Ayrıca bu koridor gerçekleşirse İran, Nahçıvan'a ulaşmak için İran transit yollarını kullanmak zorunda olan Azerbaycan üzerindeki mevcut baskısını da kaybedecek.

Dolayısıyla İran'ın son hamleleri bu daha geniş jeo-ekonomik prizma içinde görülmelidir. İran bölgede etkisini kaybetmemek için Türkiye ile sessiz denilebilecek bir rekabet içerisine girdi ve bu söylemle bu rekabetin dozajının yükselebileceğini ortaya koyuyor.

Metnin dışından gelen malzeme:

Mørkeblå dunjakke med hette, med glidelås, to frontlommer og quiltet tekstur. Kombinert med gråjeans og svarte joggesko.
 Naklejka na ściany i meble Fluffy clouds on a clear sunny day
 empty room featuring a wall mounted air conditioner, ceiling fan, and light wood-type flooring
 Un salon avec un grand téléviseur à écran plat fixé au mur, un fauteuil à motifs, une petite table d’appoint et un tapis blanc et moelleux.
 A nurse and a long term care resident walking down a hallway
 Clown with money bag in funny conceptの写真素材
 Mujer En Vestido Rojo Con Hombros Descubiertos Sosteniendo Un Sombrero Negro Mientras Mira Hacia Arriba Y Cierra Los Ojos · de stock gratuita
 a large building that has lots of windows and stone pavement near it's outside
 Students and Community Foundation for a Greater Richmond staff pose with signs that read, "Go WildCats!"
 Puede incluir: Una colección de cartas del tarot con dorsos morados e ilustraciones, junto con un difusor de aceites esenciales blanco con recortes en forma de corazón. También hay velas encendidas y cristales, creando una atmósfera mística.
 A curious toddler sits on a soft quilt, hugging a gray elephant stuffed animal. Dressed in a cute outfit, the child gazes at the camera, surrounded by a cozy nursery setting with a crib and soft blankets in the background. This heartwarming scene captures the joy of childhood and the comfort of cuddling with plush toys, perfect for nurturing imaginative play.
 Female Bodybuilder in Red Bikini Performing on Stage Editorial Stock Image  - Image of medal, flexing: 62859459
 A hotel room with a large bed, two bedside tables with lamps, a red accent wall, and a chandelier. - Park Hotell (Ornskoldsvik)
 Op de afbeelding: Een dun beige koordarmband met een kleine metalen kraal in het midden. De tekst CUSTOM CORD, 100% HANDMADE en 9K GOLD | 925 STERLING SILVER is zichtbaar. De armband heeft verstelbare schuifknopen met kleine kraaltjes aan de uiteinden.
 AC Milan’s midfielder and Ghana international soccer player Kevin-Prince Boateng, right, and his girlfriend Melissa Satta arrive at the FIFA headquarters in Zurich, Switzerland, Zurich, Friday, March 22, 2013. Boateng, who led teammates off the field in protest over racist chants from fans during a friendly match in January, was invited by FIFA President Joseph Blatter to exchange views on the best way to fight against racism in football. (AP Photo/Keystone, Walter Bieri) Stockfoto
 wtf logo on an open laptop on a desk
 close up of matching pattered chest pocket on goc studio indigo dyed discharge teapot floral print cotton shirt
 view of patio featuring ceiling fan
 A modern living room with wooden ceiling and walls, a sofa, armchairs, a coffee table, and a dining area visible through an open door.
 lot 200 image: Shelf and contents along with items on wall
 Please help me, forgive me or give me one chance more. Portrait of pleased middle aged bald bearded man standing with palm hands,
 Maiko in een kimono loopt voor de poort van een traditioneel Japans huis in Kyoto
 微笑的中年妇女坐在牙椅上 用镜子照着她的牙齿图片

Bu durumdan rahatsız olsa bile Kremlin'in tepkiler kısıtlı kalıyor. Çünkü özellikle de Ukrayna'ya karşı yürüttüğü savaşta Rusya'nın Türkiye'ye ve tarafsızlığına ihtiyacı var.

Bu durum da, Türkiye'nin Ermenistan ile yakınlaşması, Azerbaycan ve Gürcistan'a askeri yardım yapması ve Orta Asya'daki diğer girişimler yoluyla cesur hamleler yapmasının önünü açıyor.

İran'ın savaş tatbikatları sadece bir gövde gösterisinden ibaret değil. İran'ın hamleleri; rekabetin artık oldukça yükseldiğinin ve daha büyük gelişmelere gebe olduğunun da bir işareti.